My knowledge of analog and digital signal analysis is behind me.. thus I do not have enough confidence in my procedure to analyze my signal, and I do not know which direction to pursue to improve. I'm measuring a noisy square signal at a sampling frequency fs = 1e6 Hz
. I can increase this frequency up to 1e9 Hz
if needed.
At a frequency fs = 1e6 Hz
, I get the following signal:
Above, you can see 2 examples with 2 square waveforms at 2 different amplitudes. As you can see, the signal is prone to overshoot, in the example below, before the square starts; and is also noisy. Thus, I wanted to clean the signal by applying a low-pass filter.

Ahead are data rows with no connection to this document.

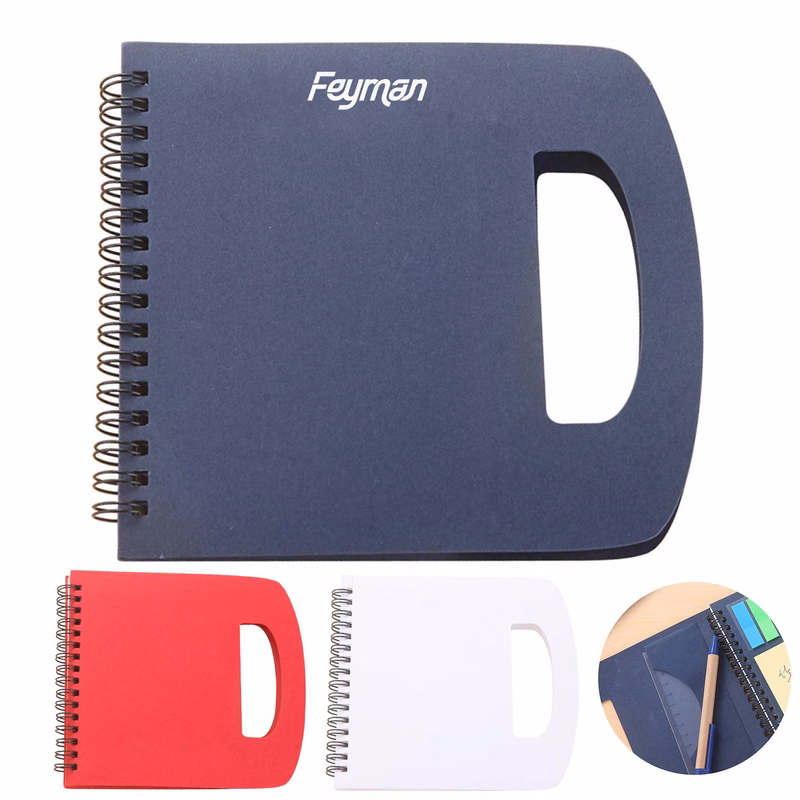 Handheld Spiral Notebook w/ Sticky Notes
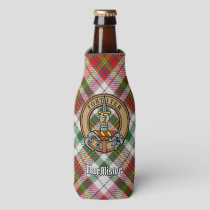 Clan MacAlister Crest over Dress Tartan Bottle Cooler
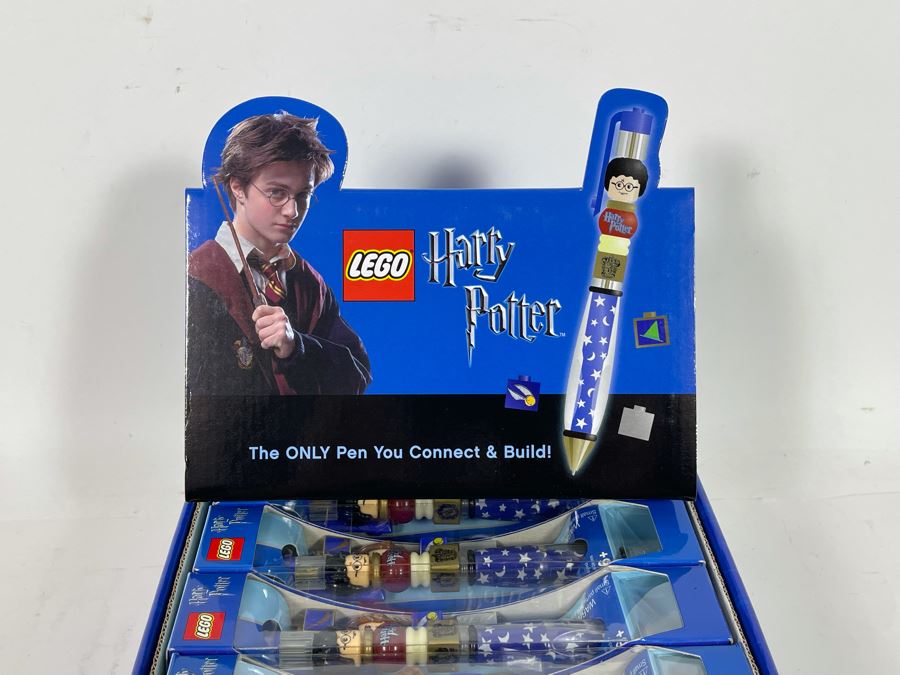 JUST ADDED - LEGO Harry Potter Collectible Pens With Store Display Merchandiser - 12 Pens Total [Photo 4]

I tried the 2 following: a Butterworth and a bessel filter using the scipy
library in Python.
def butter_lowpass_filter(data, cutoff, fs, order=5):
nyq = 0.5 * fs
normal_cutoff = cutoff / nyq
b, a = butter(order, normal_cutoff, btype='low', analog=False)
y = lfilter(b, a, data)
return y
def bessel_low_pass_filter(data, cutoff, fs, order=5):
nyq = 0.5 * fs
normal_cutoff = cutoff / nyq
b, a = bessel(order, normal_cutoff, btype='low', analog=False)
y = lfilter(b, a, data)
return y
I then call both filters on my data with the settings cutoff = 100000 # Hz
, fs = 1e6 # Hz
, order = 8
. Why those settings? That is my first problem, I don't really know how to choose the cutoff frequency or the order. I simply tried different values, and those seem to be nice.

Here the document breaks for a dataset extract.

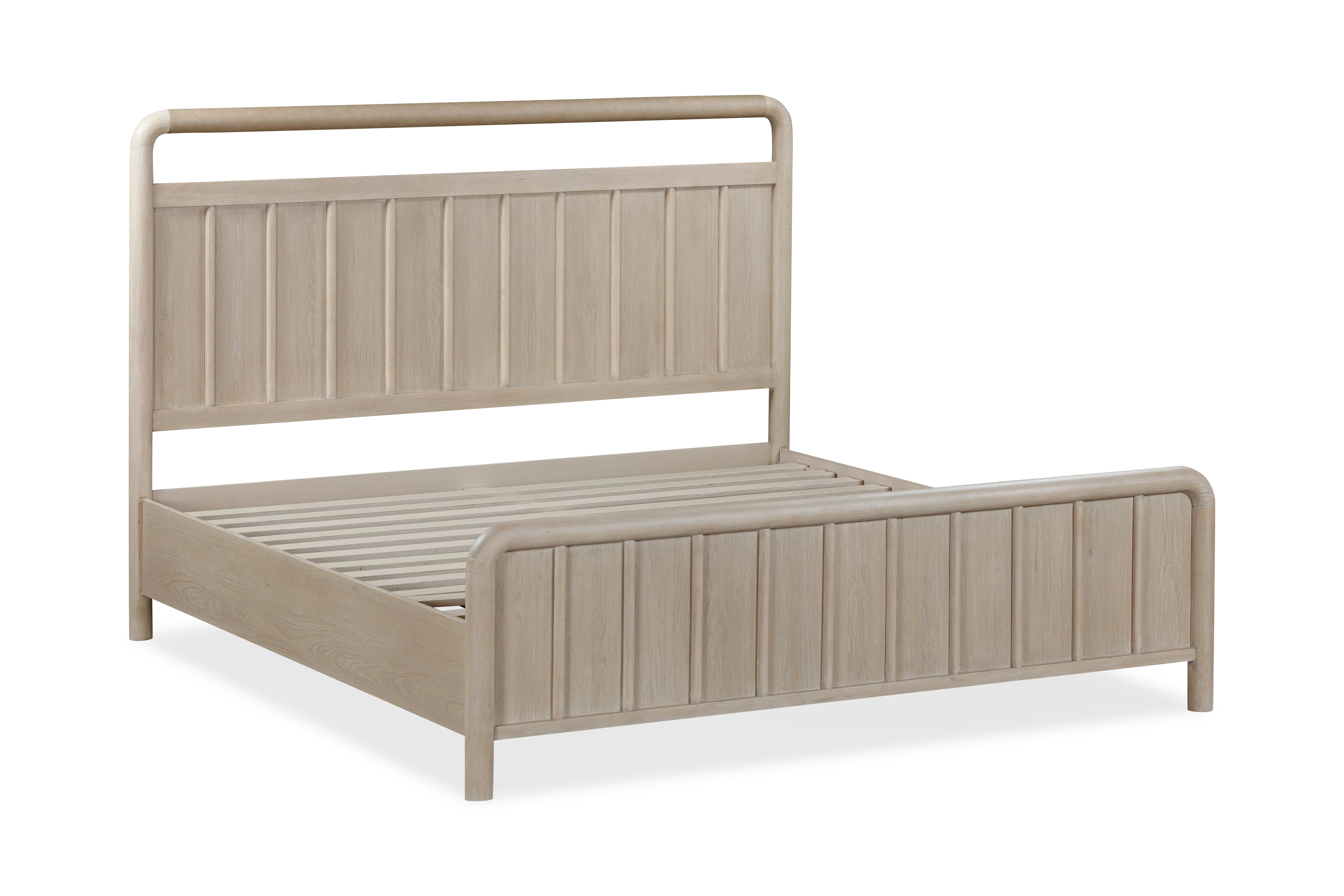 Camden Oak Queen Bed-6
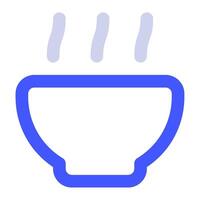 sopa icono comida y bebidas para web, aplicación, uiux, infografía, etc vector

The result looks like this (left, low amplitude pulse; right, higher amplitude pulse):
The bessel filter seems to work better than the Butterworth, however both have the same problem. The signal is shifted to the right. If I zoom , I observe the clear shift:
The opposite shift seems to be present at the end of the square. Is it possible to correct this shift? My end goal is to measure both the amplitude and the width of the square. Do you think my approach is correct or would you recommend me another approach?